KANTI DEVI vs. POSHI RAM, 2001(3) RCR (Civil) 587
The Supreme Court ruled in Kanti Devi v. Poshi Ram that while DNA evidence is scientifically reliable, it cannot be used to resolve paternity disputes due to public policy concerns. By this ruling, the Supreme Court pushed legislators to rigidly adhere to the traditional, unscientific, ineffectual, and prejudiced system of justice.
- In most cases, the Court has sufficient authority to order the parties to submit to medical tests or to provide blood samples for DNA testing.
- However, in one case, the Supreme Court of India held that: The courts in India cannot order blood tests as a matter of course. There must be a strong prima facie case in which the husband must establish non-access in order to dispel the presumption arising under section 112 of the Evidence Act. Therefore, one of the essential conditions for the Court directing DNA testing is the presence strong prima facie case.
- The Court must carefully consider what the consequences of ordering the blood test will be; if it would brand a kid as a thug and the mother as an unchaste lady and no one can be forced to produce a blood sample for analysis.
- The question in Sharda v. Dharam Pal [AIR 2003 SC 3450]was whether a party to a divorce action might be compelled to undergo a medical examination in this respect.

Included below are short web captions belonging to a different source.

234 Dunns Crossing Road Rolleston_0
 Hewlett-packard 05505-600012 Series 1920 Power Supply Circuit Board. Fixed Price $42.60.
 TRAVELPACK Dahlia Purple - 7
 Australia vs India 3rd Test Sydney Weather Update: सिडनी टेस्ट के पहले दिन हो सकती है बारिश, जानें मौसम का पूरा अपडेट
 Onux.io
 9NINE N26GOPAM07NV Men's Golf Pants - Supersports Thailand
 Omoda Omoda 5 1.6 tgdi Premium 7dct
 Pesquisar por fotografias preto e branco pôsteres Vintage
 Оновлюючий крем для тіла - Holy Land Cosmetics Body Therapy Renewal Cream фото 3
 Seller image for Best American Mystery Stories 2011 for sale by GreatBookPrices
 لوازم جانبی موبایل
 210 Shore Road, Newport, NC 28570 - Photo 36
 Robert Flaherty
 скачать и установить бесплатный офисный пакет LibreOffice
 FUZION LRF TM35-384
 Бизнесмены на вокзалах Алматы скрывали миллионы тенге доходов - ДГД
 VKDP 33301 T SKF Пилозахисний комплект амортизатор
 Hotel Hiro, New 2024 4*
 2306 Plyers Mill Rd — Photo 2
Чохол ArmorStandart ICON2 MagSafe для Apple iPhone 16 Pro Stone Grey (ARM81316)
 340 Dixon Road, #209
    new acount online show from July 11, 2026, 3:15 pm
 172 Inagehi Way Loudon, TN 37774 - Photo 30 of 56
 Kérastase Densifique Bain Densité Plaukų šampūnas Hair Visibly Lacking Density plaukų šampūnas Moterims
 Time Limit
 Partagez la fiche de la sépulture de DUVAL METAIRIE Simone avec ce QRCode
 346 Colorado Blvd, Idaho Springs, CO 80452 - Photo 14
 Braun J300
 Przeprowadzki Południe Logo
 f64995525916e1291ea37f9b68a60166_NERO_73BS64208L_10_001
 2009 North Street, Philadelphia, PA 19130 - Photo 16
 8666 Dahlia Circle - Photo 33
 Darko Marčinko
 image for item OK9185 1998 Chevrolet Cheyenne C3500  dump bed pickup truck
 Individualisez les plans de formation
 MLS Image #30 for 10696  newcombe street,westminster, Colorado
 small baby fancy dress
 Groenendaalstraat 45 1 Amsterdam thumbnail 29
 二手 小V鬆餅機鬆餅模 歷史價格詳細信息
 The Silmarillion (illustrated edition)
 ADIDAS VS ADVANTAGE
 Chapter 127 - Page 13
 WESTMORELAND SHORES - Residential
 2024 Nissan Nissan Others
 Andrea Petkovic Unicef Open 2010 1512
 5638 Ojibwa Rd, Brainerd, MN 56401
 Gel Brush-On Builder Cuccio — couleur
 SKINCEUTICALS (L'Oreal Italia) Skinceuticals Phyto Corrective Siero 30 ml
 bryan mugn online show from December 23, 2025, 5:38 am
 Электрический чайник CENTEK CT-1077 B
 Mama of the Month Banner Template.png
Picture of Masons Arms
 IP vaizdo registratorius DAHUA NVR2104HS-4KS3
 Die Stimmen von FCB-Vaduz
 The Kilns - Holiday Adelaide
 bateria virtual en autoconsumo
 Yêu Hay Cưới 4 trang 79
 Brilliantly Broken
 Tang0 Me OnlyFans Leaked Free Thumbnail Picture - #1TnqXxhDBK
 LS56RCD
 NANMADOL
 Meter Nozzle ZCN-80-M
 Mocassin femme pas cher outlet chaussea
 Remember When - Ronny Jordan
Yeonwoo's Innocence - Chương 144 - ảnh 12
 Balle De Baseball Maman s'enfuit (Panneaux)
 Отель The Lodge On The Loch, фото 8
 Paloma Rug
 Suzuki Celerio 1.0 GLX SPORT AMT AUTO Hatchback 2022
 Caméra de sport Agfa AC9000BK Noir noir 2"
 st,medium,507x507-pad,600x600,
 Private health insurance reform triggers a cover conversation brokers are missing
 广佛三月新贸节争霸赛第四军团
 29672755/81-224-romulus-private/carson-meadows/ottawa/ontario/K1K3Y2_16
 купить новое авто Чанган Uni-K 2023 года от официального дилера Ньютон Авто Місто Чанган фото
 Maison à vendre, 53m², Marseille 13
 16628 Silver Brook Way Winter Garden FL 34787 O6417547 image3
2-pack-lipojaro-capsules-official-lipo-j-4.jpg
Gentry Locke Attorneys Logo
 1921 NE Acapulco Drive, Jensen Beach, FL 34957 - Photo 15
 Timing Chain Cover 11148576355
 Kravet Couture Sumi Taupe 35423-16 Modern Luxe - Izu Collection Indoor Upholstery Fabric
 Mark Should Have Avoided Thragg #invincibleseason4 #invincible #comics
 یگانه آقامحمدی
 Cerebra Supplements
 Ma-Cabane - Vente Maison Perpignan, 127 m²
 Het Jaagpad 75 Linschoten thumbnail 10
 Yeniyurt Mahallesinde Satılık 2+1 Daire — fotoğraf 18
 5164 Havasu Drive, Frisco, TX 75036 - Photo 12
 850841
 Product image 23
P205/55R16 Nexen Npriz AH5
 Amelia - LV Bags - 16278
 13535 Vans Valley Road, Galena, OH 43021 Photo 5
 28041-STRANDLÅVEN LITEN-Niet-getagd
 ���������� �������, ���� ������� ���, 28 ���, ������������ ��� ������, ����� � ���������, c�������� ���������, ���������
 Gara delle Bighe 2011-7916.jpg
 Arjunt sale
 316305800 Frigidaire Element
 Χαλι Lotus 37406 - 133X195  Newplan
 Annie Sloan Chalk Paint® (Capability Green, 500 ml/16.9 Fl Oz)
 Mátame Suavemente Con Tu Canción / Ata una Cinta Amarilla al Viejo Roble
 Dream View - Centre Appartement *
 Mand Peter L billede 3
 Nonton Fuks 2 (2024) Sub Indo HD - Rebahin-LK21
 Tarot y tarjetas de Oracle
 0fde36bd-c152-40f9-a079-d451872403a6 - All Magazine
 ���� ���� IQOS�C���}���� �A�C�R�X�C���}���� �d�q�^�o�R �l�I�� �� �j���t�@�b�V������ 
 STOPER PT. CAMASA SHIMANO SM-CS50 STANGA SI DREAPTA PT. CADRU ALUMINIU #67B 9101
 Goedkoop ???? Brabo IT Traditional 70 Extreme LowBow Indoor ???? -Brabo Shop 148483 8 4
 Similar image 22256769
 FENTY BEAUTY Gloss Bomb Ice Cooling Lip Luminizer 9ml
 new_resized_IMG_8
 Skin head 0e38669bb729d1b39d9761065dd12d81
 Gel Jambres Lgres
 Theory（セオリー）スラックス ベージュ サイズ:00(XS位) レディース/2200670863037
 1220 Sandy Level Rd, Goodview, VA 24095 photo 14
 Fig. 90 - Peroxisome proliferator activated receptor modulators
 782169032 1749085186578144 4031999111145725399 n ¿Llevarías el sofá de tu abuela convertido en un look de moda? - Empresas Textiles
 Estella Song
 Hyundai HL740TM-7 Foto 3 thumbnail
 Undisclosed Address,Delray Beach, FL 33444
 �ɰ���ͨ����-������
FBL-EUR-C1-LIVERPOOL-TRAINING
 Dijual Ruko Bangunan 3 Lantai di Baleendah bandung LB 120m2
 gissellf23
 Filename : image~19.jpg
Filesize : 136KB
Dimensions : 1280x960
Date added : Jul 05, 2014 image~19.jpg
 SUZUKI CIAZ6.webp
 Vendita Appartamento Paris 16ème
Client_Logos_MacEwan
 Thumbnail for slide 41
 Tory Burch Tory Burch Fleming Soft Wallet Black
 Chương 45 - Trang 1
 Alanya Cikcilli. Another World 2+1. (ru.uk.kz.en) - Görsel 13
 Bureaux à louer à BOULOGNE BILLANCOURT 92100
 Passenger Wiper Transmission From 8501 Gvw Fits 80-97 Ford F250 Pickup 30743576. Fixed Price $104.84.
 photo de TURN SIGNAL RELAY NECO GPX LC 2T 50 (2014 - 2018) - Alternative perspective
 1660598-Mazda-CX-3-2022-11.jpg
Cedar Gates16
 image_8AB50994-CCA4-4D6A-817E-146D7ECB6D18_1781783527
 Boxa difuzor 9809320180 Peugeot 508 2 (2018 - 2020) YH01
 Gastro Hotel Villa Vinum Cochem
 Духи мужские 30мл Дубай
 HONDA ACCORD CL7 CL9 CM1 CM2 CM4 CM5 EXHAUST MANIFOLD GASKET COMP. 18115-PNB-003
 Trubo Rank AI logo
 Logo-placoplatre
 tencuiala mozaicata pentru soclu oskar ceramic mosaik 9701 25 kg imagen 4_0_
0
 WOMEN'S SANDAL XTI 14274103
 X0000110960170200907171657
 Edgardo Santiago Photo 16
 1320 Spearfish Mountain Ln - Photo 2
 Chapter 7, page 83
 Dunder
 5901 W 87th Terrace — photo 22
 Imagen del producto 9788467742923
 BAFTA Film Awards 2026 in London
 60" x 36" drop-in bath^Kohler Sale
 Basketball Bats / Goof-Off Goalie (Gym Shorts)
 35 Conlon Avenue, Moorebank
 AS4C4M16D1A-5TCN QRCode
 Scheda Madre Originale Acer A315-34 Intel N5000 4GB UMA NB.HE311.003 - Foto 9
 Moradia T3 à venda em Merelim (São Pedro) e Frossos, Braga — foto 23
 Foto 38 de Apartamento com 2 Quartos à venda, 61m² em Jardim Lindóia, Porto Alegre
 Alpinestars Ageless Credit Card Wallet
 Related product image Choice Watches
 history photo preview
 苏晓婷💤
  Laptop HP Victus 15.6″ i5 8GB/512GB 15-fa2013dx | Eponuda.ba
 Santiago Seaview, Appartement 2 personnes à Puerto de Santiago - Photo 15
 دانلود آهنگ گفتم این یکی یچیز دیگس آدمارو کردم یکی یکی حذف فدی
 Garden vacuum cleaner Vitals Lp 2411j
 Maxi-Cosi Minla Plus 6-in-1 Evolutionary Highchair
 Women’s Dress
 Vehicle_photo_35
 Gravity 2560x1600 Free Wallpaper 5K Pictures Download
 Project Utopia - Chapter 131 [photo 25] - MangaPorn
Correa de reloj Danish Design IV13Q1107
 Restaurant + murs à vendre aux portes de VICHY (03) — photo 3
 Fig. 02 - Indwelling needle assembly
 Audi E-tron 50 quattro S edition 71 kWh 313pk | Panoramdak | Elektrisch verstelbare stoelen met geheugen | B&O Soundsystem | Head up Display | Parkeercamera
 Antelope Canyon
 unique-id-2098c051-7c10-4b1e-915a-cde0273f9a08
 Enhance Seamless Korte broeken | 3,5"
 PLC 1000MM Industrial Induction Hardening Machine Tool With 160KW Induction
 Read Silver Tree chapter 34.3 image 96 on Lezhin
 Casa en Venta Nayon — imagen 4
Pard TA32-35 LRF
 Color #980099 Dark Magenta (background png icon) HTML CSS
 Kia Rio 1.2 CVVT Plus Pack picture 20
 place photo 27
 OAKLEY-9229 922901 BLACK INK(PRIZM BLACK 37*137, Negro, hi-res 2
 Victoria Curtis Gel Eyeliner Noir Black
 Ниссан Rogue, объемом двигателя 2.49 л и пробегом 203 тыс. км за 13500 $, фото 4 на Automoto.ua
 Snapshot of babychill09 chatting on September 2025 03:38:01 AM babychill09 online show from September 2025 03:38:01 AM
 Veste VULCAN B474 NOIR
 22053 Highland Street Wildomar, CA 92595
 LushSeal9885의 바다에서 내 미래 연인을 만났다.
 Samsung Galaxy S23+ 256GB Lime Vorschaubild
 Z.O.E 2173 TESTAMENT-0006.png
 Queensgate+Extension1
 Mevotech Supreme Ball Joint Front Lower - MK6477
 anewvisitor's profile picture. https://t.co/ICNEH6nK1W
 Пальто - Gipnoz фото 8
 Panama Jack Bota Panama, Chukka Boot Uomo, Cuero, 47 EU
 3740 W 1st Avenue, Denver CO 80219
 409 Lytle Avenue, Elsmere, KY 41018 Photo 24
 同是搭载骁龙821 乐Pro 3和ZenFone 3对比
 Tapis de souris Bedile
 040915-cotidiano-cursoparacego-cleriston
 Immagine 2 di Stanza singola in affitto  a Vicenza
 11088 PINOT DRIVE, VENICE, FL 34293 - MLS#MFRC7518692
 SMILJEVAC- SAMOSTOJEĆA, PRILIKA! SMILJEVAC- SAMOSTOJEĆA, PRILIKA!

The Supreme Court ruled- A marital court has the authority to require a person to undergo medical testing, and such an order would not breach Article 21 of the Indian Constitution's right to personal liberty. However, if the appellant has a strong prima facie case and there is sufficient evidence before the Court, the Court should utilize this jurisdiction.
- If the respondent refuses to submit to a medical examination notwithstanding the Court's order, the Court has the authority to draw an unfavorable inference against him.
DNA testing ensures complete identity and is admissible. The admissibility of DNA evidence in court is always contingent on its accurate and proper collection, preservation, and recording, which might persuade the court that the evidence presented is trustworthy. In India, there is no explicit legislation that may offer precise directions to investigative agencies and courts, as well as the method to be followed in instances requiring DNA as evidence. Furthermore, there are no explicit provisions for dealing with science, technology, and forensic science concerns.
A DNA test is a strong boon in criminal administration of justice, matters of human dignity, human right & human relationship. The DNA Profiling Bill 2007 states the qualification of the DNA profiling board &its members, function and comprehensively which covers the wide field of DNA regarding the criminal case.